La scrittura di De Matteo vive della dimensione del ricordo, manifestando a tratti la tendenza alla mitizzazione dell’infanzia e dell’adolescenza, pennellate come paradisi perduti, e traducendo tale attitudine, sotto il profilo sociale, nell’idoleggiamento della civiltà contadina. Quella del filosofo popolano Cenzino Maiorano o della nonnina della casa accanto, con la sua ansia di vivere che si esprimeva nel legame con il mare, nume tutelare di queste nostre terre aride. Il poeta esalta, sabianamente, il garbo della sua gente, contrapposto all’attitudine tipica degli “attivisti del nulla”, proliferanti ai giorni nostri. Questa disposizione d’animo è all’origine anche della matrice narrativo-ragionativa, tipicamente meridionale (ma vicina anche alla linea lombarda), che, accanto a quella lirico-simbolica, connota i testi del Morso della murena.

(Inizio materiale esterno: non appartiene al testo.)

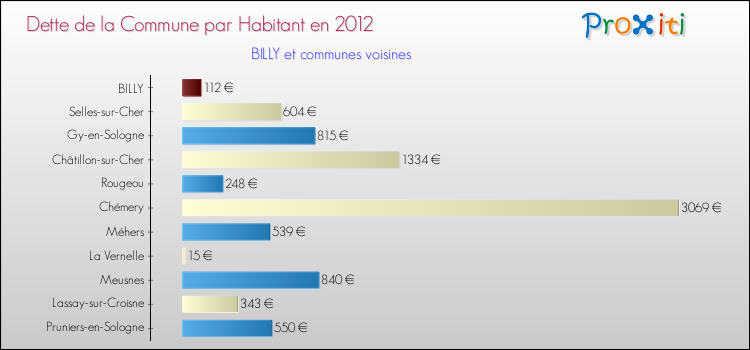 Dette par habitant de la commune en 2012 pour BILLY et les communes proches Comparaison de la dette par habitant de la commune en 2012 pour BILLY et les communes voisines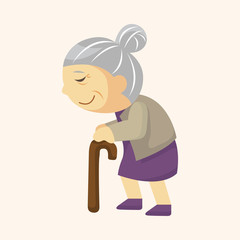 patient theme elements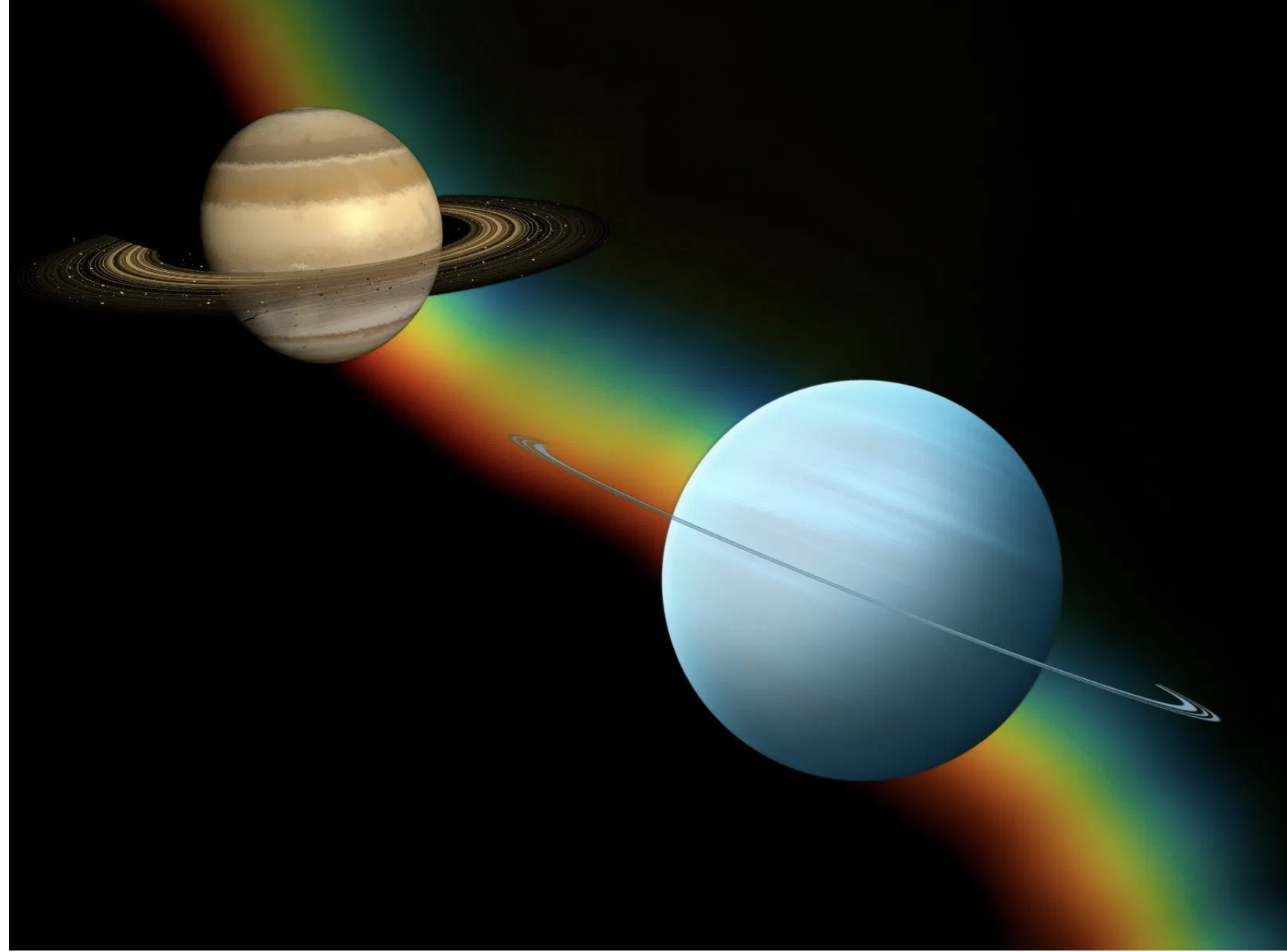 Saturn Square Uranus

È una poesia fortemente materica quella di De Matteo, che avverte il legame con la mediterraneità, nei suoi simboli e persino negli aspetti materiali della nostra civiltà, in prima battuta il cibo (tantissimi i riferimenti ad alimenti), ma, non meno intensamente, il patrimonio urbanistico e artistico (si pensi alla Madonna del Cardellino) delle città di Puglia. Il mare è presenza genericamente ben accolta: in uno dei componimenti, la contemplazione della scogliera induce l’io lirico a figurarsi, in una sorta di mistico panismo, un elevamento psichico, giungendo quasi a protendersi verso Dio. Il vento ha caratteristiche di ambiguità: il refolo è nemico, il maestrale è capriccioso e affatica le chiome degli alberi, ma, paradossalmente, De Matteo finisce con l’accostarlo alla sua vita stessa.

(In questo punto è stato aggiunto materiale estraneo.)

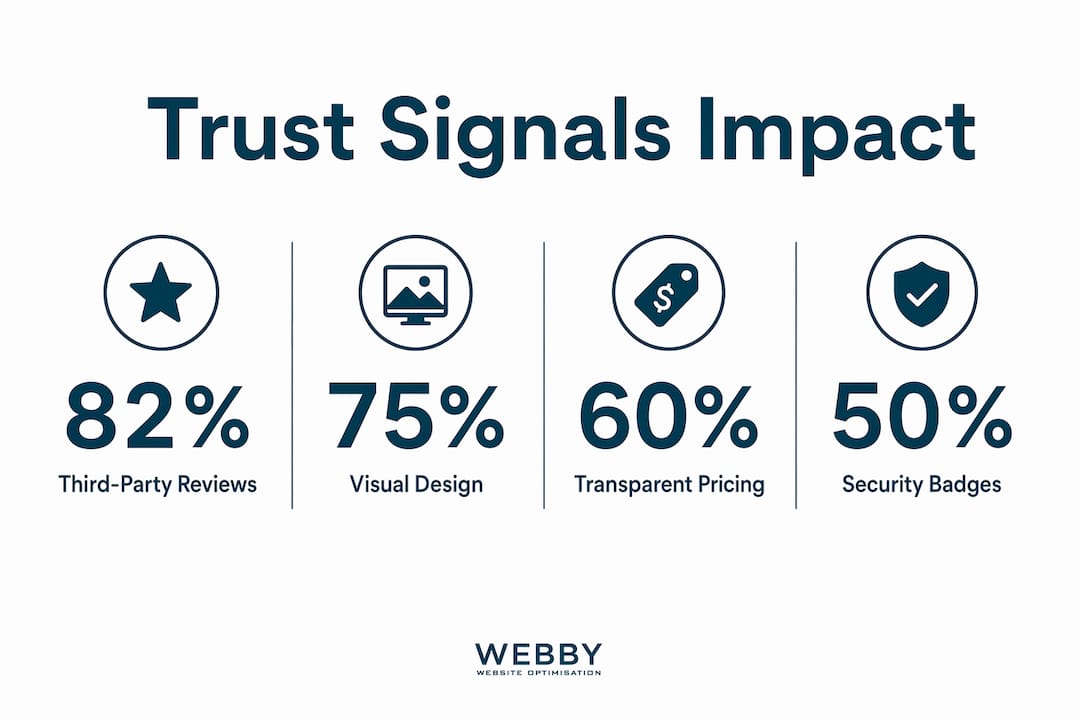 Infographic showing trust signals impact on sales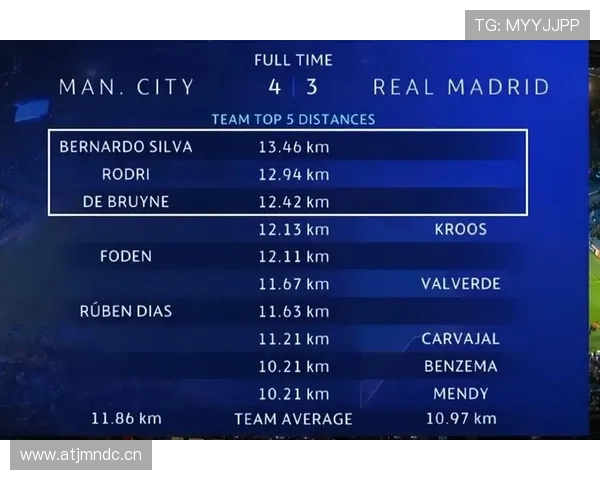 巴尔韦德与德布劳内：冲击力与创造力对比分析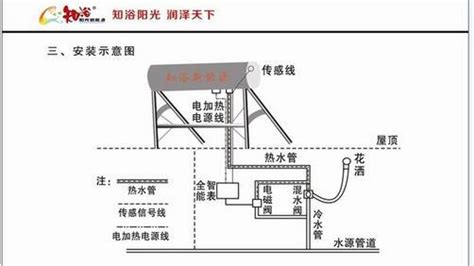 太陽(yáng)能熱水器水壓小怎么解決,太陽(yáng)能熱水器水壓小怎么解決家用縮略圖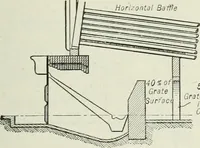 An illustration from Mechanical equipment of buildings; a reference book for engineers and architects (1916)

Curiosa la tendenza a iniziare più di un componimento o con puntini di sospensione (più raro) o con la lettera minuscola: da un lato, essa parrebbe quasi indicativa di una programmatica deminutio di quelli che il poeta chiama i suoi “pensieri ribelli”; dall’altra è riconducibile anche al fatto che quella dell’io lirico è una tensione ragionativa ininterrotta, che conosce improvviso e felice sbocco nei versi.

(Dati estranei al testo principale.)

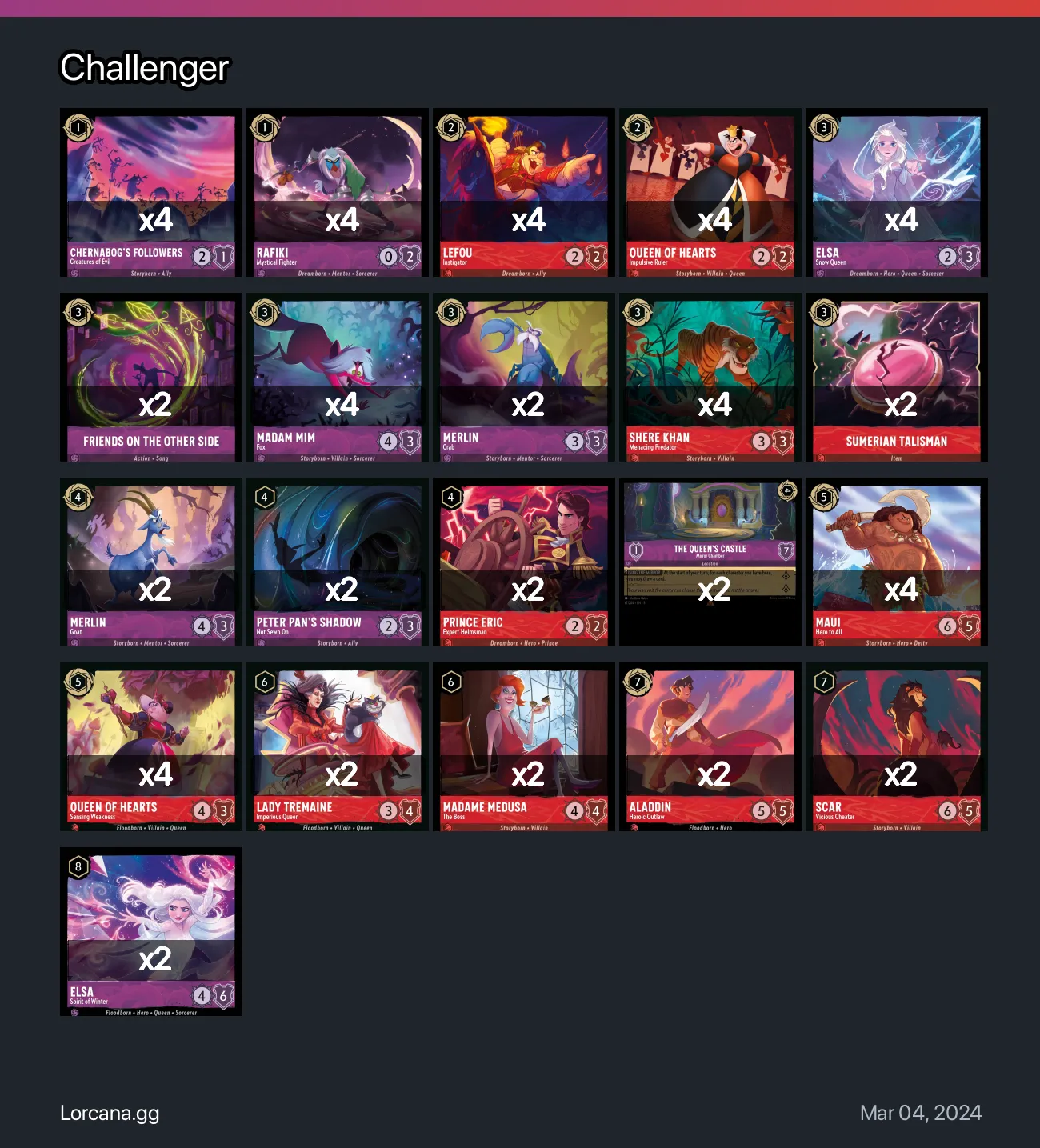 Challenger Lorcana Deck • Lorcana.GG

La scrittura, pur rifuggendo dai virtuosismi, è raffinata e comunicativa al contempo; coniuga il gusto dell’infrazione della tradizione (la collocazione in posizione di rima di vocaboli come sneakers o di nomi come Cenzino Maiorano) con una musicalità innata, spesso sottocutanea e connotata dal frequente ricorso alla consonanza. Una poesia attenta all’attualità e alle grandi problematiche dell’esistere, che non perde smalto ed è anzi potenziata dalle riletture, per i molteplici significati che in essa albergano.